May has been a pretty brutal month for me in terms of work. I’ve been drowning under acres of marking, from university. I’ve also been completing my first term as an External Examiner for Edge Hill University - which has been interesting, but also exhausting - in the way that doing anything new is exhausting in its uncertainty.
My freelance work has also been pretty lively as well - I did my first very local guest reading at The Dusty Miller in Mytholmroyd for Carola Luther and Judith Wilson’s reading series. I had my first mentoring meeting with a couple of new mentees, which was a joy. I travelled to Huddersfield to deliver a workshop for Live Poetry, went down to Eton to do a reading. I presented online at an academic conference called “Creative Health” where I talked about my NHS residency - 6 months as a Writer in Residence at Trafford General Hospital. I also presented at a Creative and Critical research symposium for Lancaster University, where I talked about innovative ways of carrying out PhD research.

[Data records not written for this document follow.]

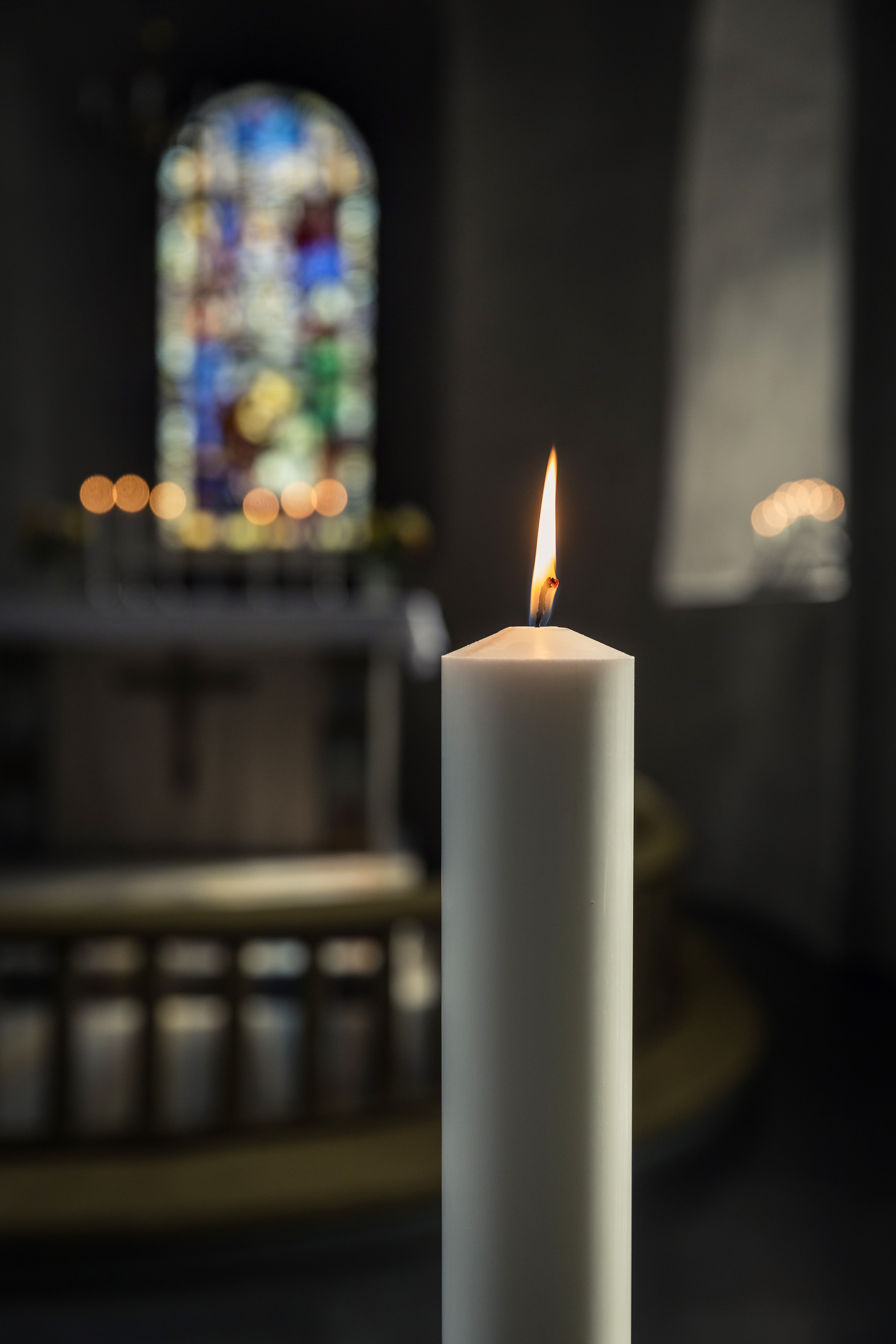 Ett tänt stearinljus i en kyrka.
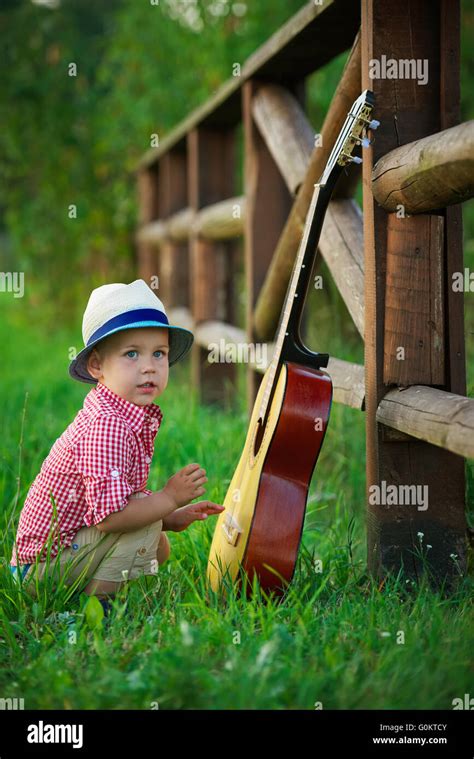 Cute Little Cowboy Playing Guitar Stock Photo Alamy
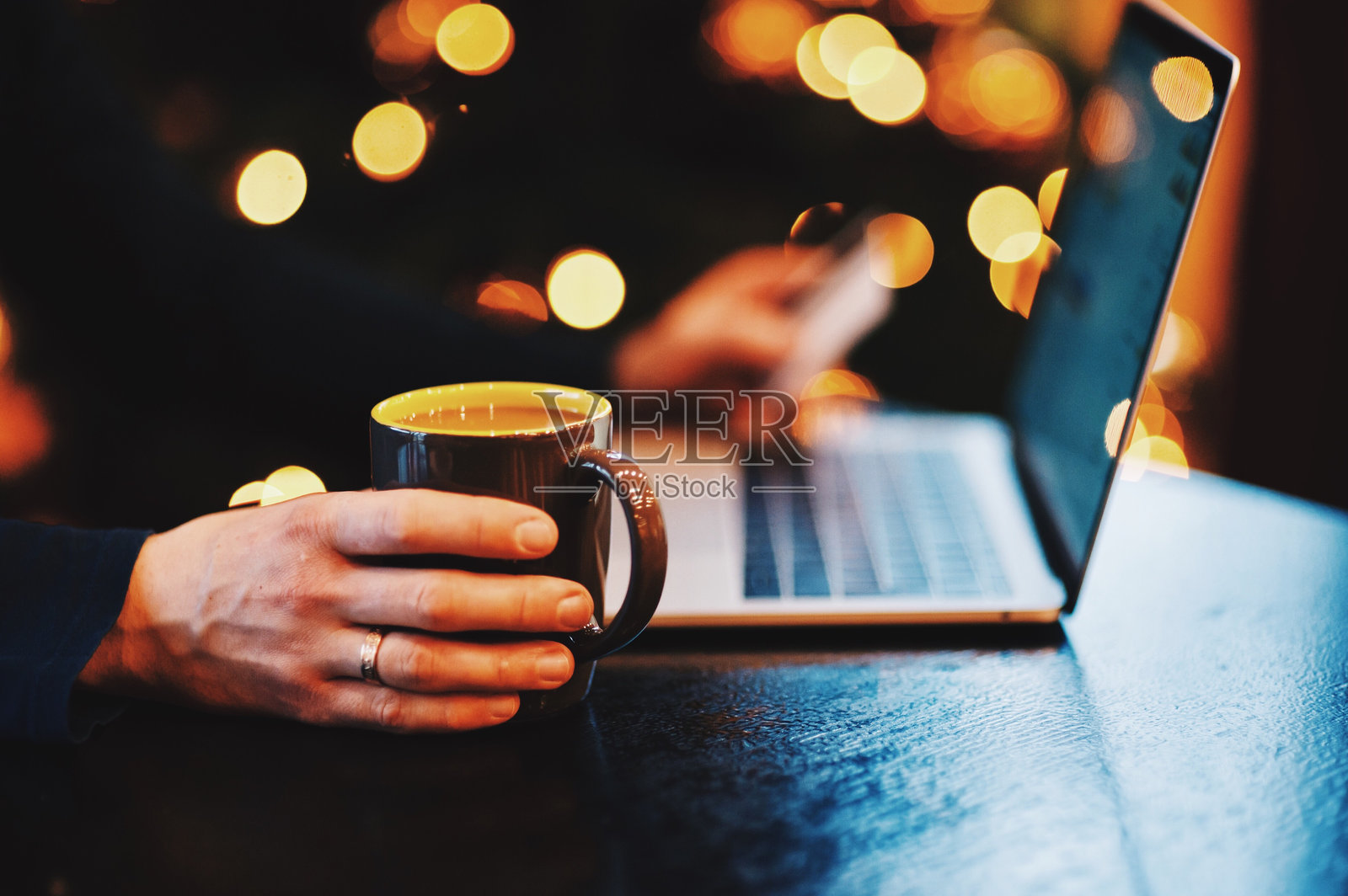 男人在桌子上拿着咖啡,靠近笔记本电脑的特写镜头照片摄影图片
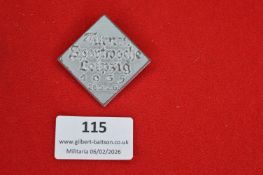 German nationalist commemorative badge, diamond-shaped grey metal issue with Gothic script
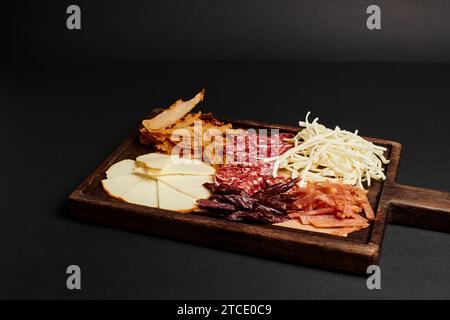 charcuterie board with cheese selection, dried beef and salami slices on wooden cutting board Stock Photo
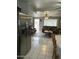 Comfortable living room with tile floors, ceiling fans, and lots of natural light at 1740 W Crescent Ave, Mesa, AZ 85202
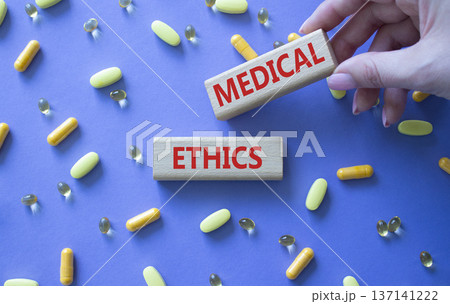 Medical Ethics symbol. Concept word Medical Ethics on wooden blocks. Doctor Hand. Beautiful purple background with pills. Medicine and Medical Ethics concept. Copy space Medical Ethics symbol. Concept word Medical Ethics on wooden blocks. Doctor Hand. Beautiful purple background with pills. Medicine and Medical Ethics concept. Copy space 137141222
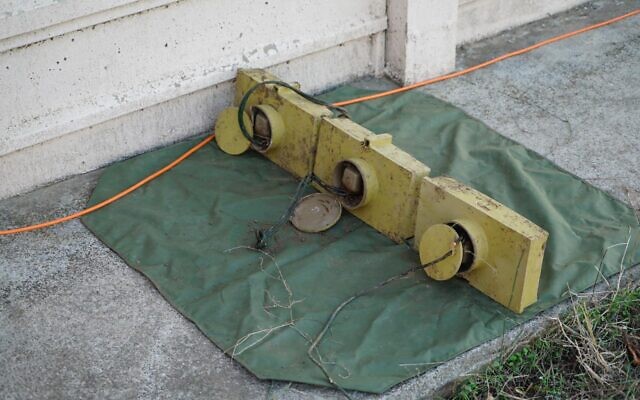 Three anti-personnel mines that Israel says were planted inside Israeli-controlled territory along the border with Syria, which were uncovered on November 17, 2020. (Israel Defense Forces) Three anti-personnel mines that Israel says were planted inside Israeli-controlled territory along the border with Syria, which were uncovered on November 17, 2020. (Israel Defense Forces)
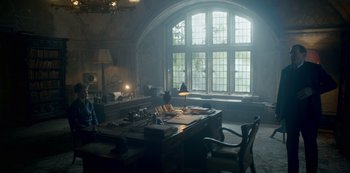 Movie still from “The Crown” (2016), created by Peter Morgan – A room with a desk , chair , and a large window; Wide shot, Low angle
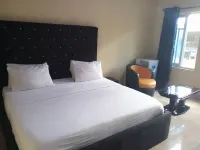 Santrick Hotel Hotels near CCC El-Morijah Olubukun Parish Igbogbo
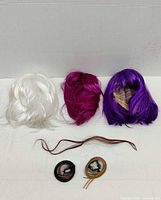 Three wigs and three hairpieces laid out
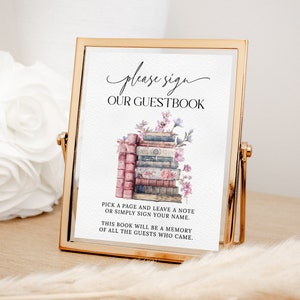 May include: A sign with the text "please sign our guestbook" and a watercolor illustration of a stack of books with flowers. The text below the image reads "Pick a page and leave a note or simply sign your name. This book will be a memory of all the guests who came."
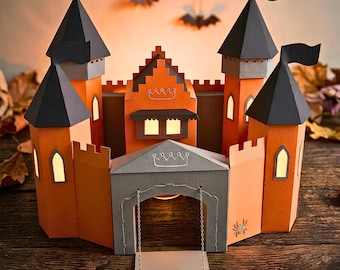 Puede incluir: Un castillo de papel con paredes naranjas, techos cónicos grises con banderas negras y una puerta gris con puente levadizo. La estructura incluye ventanas iluminadas, un contorno de corona en la puerta y una pequeña araña recortada en el muro.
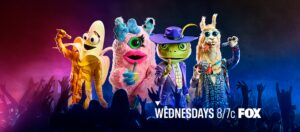 Colorful puppets performing in front of an audience.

In between all of that, we’ve had half term here (no childcare but lots of fun) and my daughter’s birthday.
It has been a month!
I did also find time to do the Manchester 10k with my friends Janice and Tracey from Cumbria. We got discounted entries through the university and some stylish orange t-shirts to match.
The team photo was fun - if you squint, you might just see my head in the bottom right-hand corner - Jan managed to get on the front row, whilst Tracy was sadly blocked by the pillar..
It was all very jolly, and we were very excited that we got a Team Orange t-shirt and an official race t-shirt, which after all is one of the main reasons for putting ourselves through such things.
Once we got to the start line, Jan announced she was going to try and run 10k in 50 minutes. My target before this moment was 52 minutes (based on what I’d been doing at park run, training etc) but, carried away by Jan’s enthusiasm, I decided to try and stay with her, and hope that all the hill running I’ve been doing on the moors would pay off.
I can’t help but be competitive when I race, although I’m only ever competitive with myself really - it’s my time I want to beat. It’s why I never really tell anyone I’m doing a race as there would be little point in them coming to wave hello - I am usually so focused on what they are doing that they would barely get a grunt. I am also the queen of the finishing strait grimace, as you will see below.
My time in the end was 50.02, but I don’t mind about the 2 seconds - that is my fastest time in probably six years so I am chuffed with that!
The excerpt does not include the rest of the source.